(Exercise objective):
Output the listing exactly, without its pictures.

(Collected data):
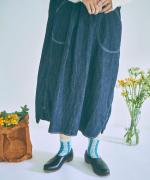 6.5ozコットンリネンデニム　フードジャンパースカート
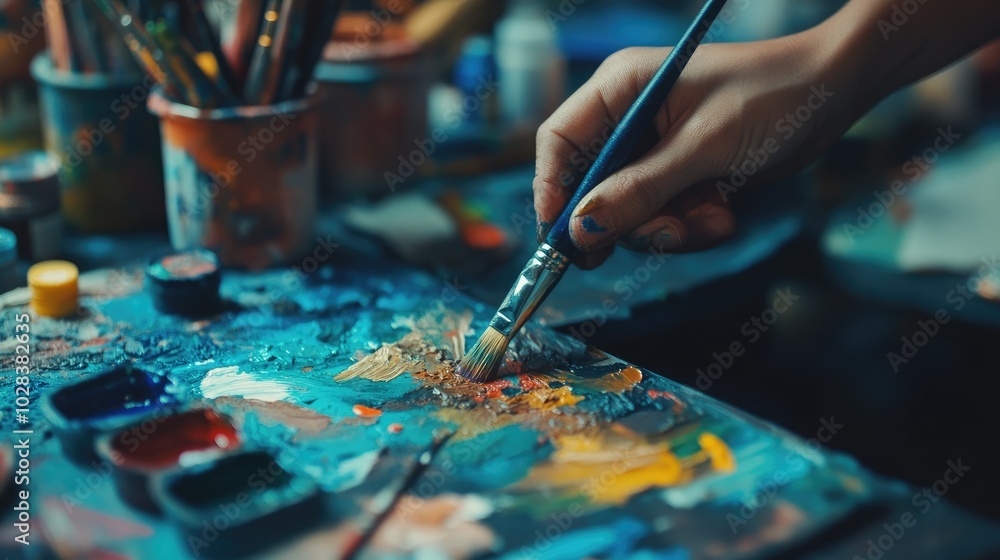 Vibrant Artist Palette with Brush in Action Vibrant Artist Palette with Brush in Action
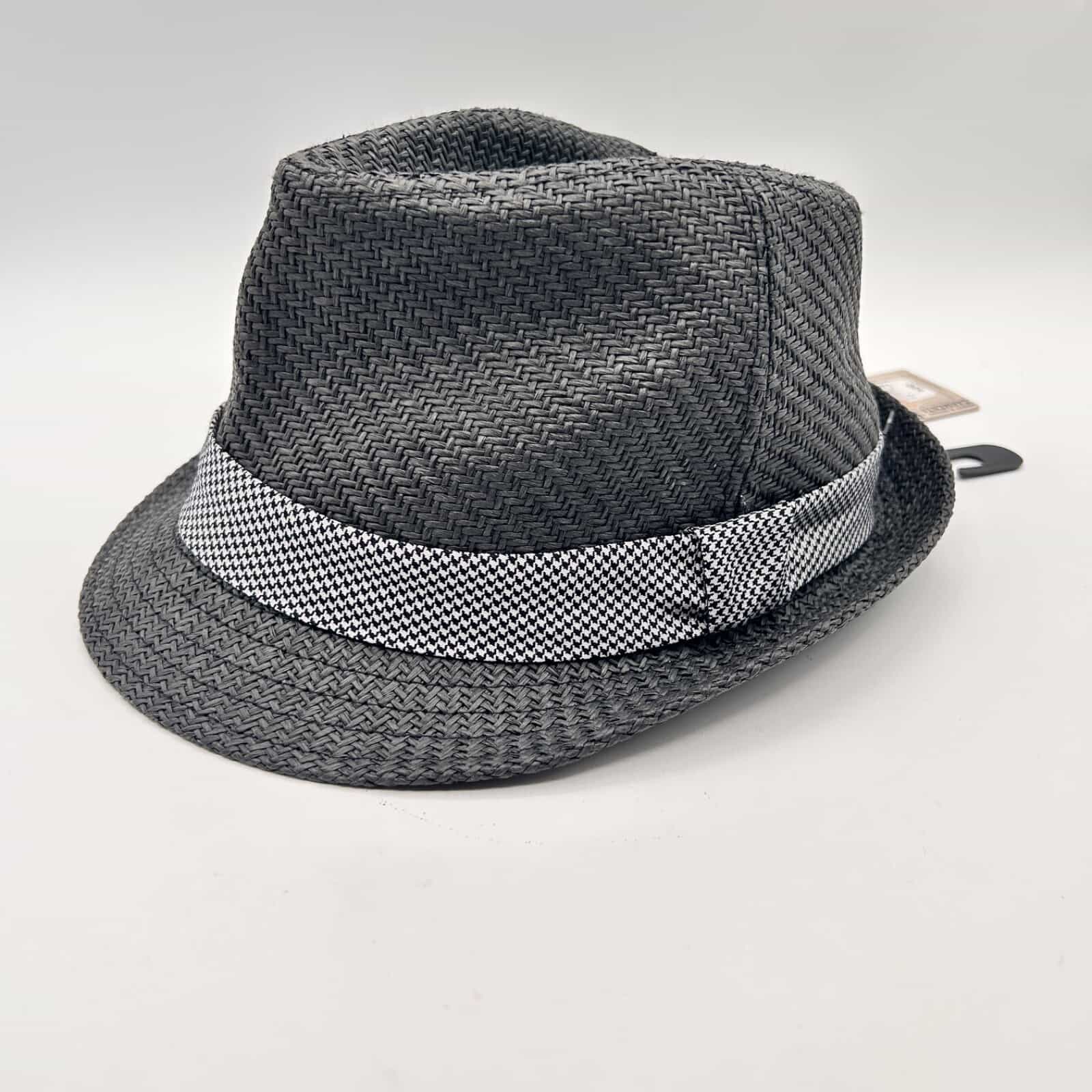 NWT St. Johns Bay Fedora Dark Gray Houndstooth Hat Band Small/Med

(Your response):
 6.5ozコットンリネンデニム　フードジャンパースカート
 Vibrant Artist Palette with Brush in Action Vibrant Artist Palette with Brush in Action
 NWT St. Johns Bay Fedora Dark Gray Houndstooth Hat Band Small/Med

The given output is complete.